Task instructions:
Copy nothing but the lines from the one containing "Cách Cắm Hoa Đẹp Với Ly Hoa Hồng Phấn" through the last line of the entries below, exactly as written and without pictures.

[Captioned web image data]

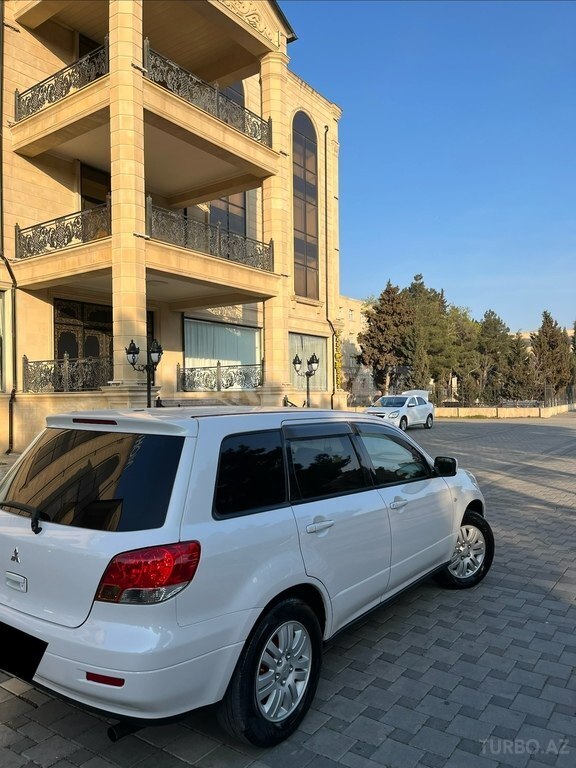 Mitsubishi Airtrek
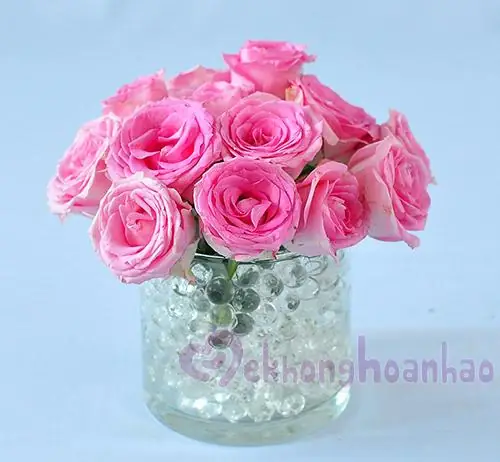 Cách Cắm Hoa Đẹp Với Ly Hoa Hồng Phấn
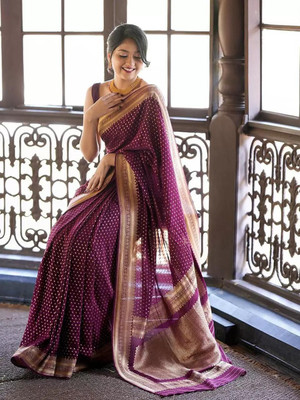 Madhav Creation Woven Banarasi Art Silk Saree(Maroon)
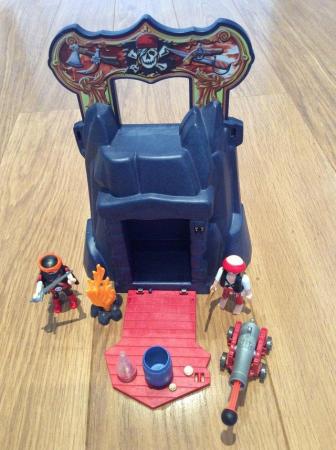 Image 2 of Playmobil 4776 Pirates Take Along Dungeon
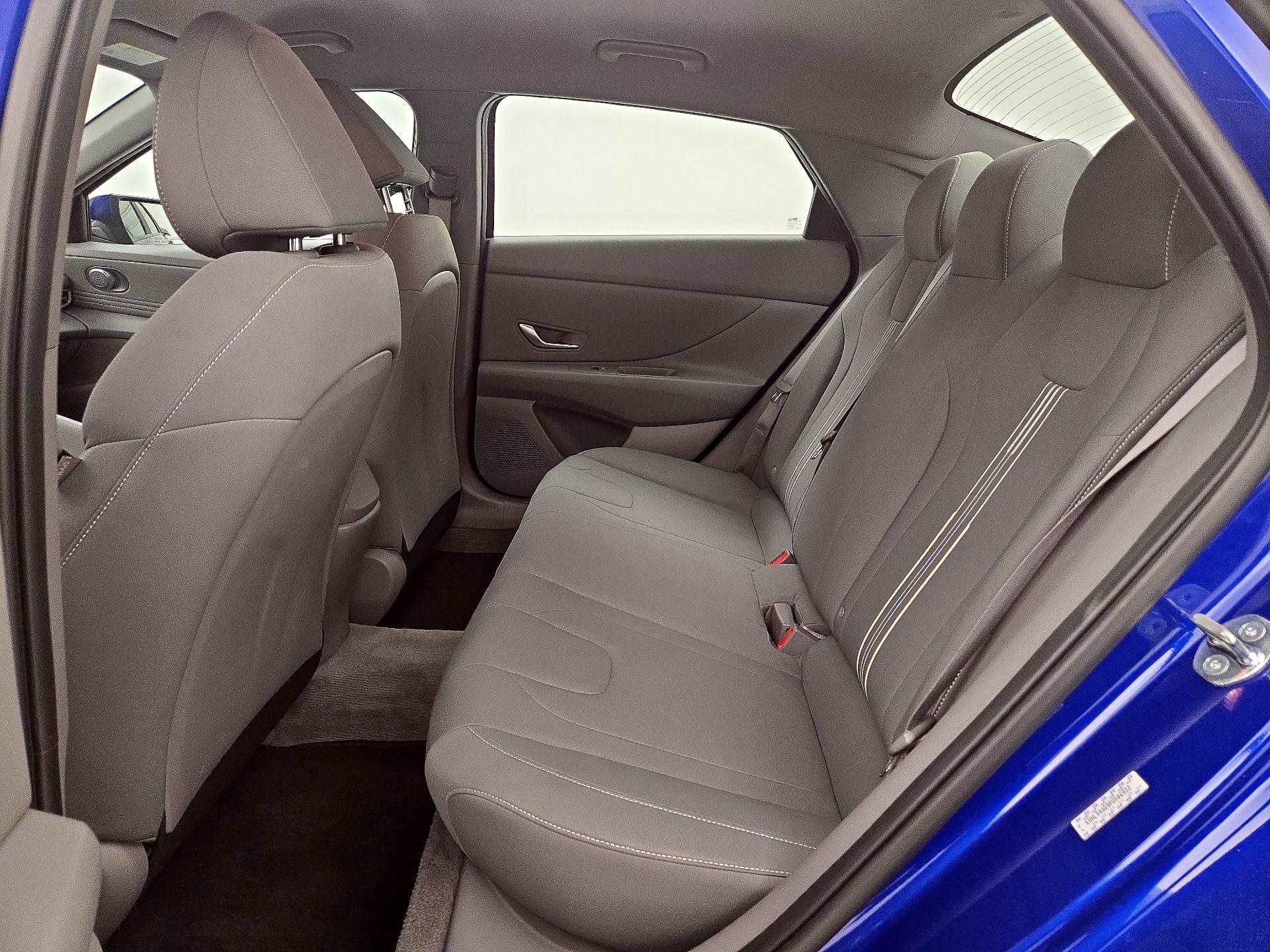 Thumbnail: 2023 Hyundai Elantra - 19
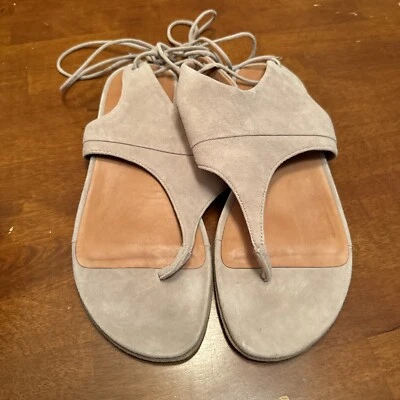 Sandalias Gentle Souls of Kenneth Cole Tanga Gamuza Correa en T Estilo Gladiador talla 9.5 Foto 1 de 4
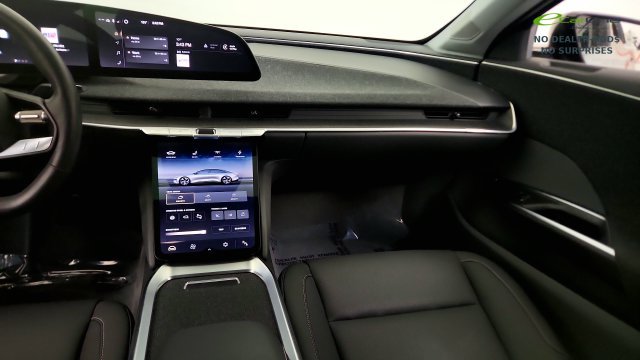 Used 2025 Lucid Air Pure RWD image 52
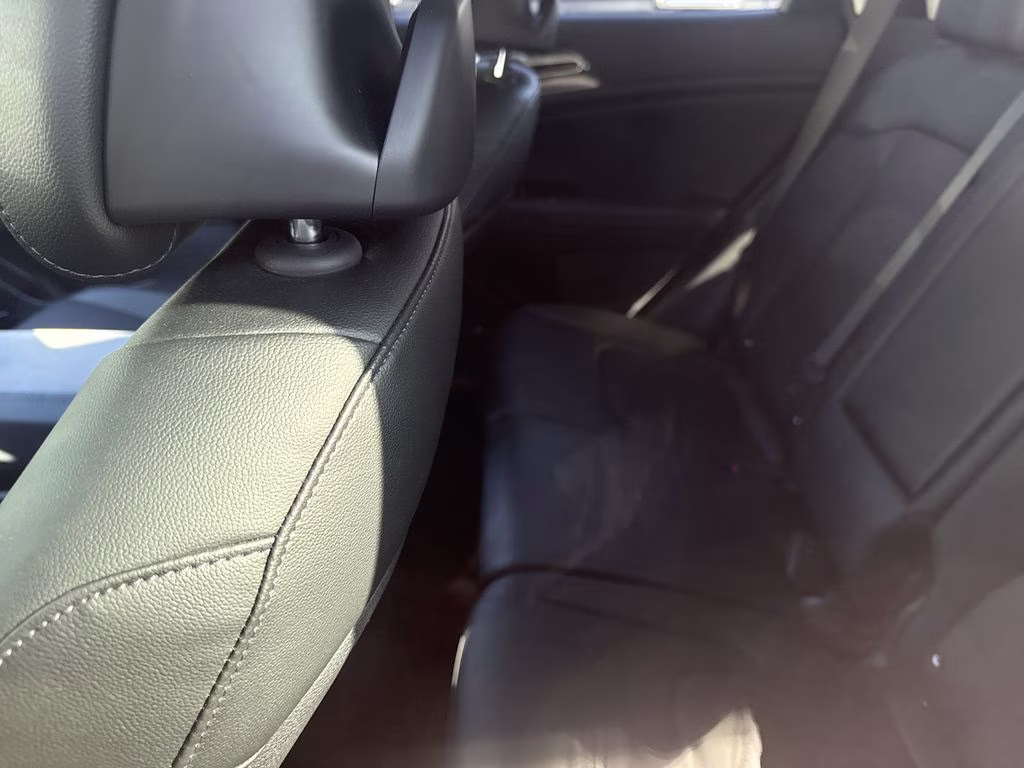 2024 Glacial White Pearl Kia Sportage SX FWD SUV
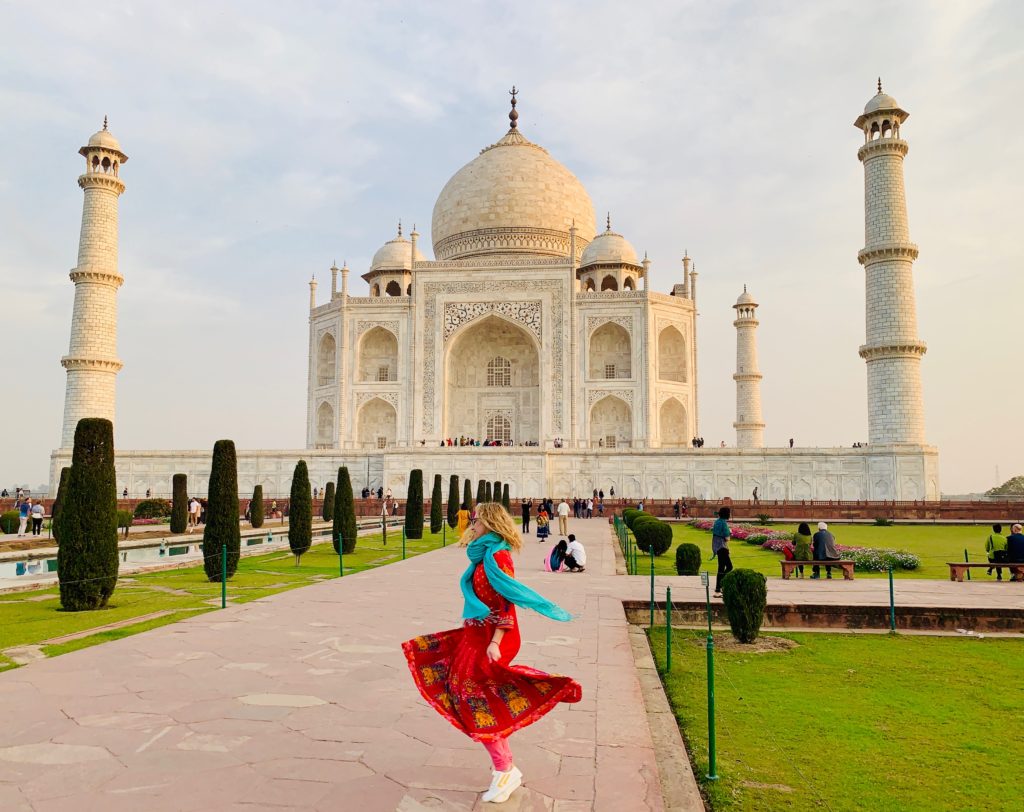 Merry-Spinning-in-front-of-the-Taj-Mahal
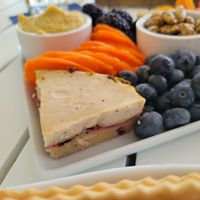 Nova Terra pistachio cranberry cheese - local to Napa #Veganuary at Migration Winery in Napa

Task result:
 Cách Cắm Hoa Đẹp Với Ly Hoa Hồng Phấn
 Madhav Creation Woven Banarasi Art Silk Saree(Maroon)
 Image 2 of Playmobil 4776 Pirates Take Along Dungeon
 Thumbnail: 2023 Hyundai Elantra - 19
 Sandalias Gentle Souls of Kenneth Cole Tanga Gamuza Correa en T Estilo Gladiador talla 9.5 Foto 1 de 4
 Used 2025 Lucid Air Pure RWD image 52
 2024 Glacial White Pearl Kia Sportage SX FWD SUV
 Merry-Spinning-in-front-of-the-Taj-Mahal
 Nova Terra pistachio cranberry cheese - local to Napa #Veganuary at Migration Winery in Napa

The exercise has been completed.